A pesquisa do Banco Mundial propõe estratégias como revisão salarial e aumento do intervalo entre as progressões, além da diminuição do reajuste entre elas para que o governo diminua os gastos com pessoal. Leonardo Murga alertou que é preciso cautela para abordar o problema.

Segundo ele, as medidas propostas na reforma administrativa podem ser implementadas, embora não sejam capazes de diminuir as despesas públicas em valores consideráveis. Isso porque o maior gasto público, não é com a previdência ou com o corpo de pessoal, mas sim com o serviço da dívida, como afirmou o auditor do TC-DF. 

“Embora o principal da dívida não seja tão alto, o custo da dívida é totalmente descompassado com os padrões mundiais”, explicou.

Após toda essa análise, Leonardo Murga respondeu um dos pontos centrais de todo o levantamento feito pelo Banco Mundial: os valores das remunerações pagas a servidores federais no Brasil são justificáveis?
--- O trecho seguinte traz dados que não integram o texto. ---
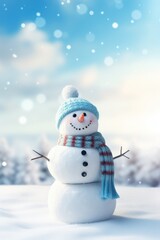 Fototapeta premium Christmas Snowman On Winter Background. Funny festive snowman in a hat. Merry christmas and a happy new year. Holiday banner and poster. Christmas poster and banner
“Como já mencionado, há distorções. Entretanto, é importante salientar que a maioria delas já consta como resolvida. No início dos anos 2000, os institutos da paridade e da integralidade remuneratórias foram abolidos. Em 2012, a previdência dos servidores públicos federais foi equiparada à previdência privada, ou seja, ao teto do INSS”, disse.

E complementou: “ademais, não há mais a possibilidade de incorporação de funções e não há recomposições salariais programadas, como a revisão geral anual do art. 37, X, da Constituição Federal”.

Por fim, Murga disse não acreditar que a diminuição desses salários poderia interferir na motivação dos que almejam uma vaga na carreira pública. “As carreiras ainda são muito boas e a possibilidade de servir o próprio país ainda é algo muito atrativo para muitos jovens”, afirmou.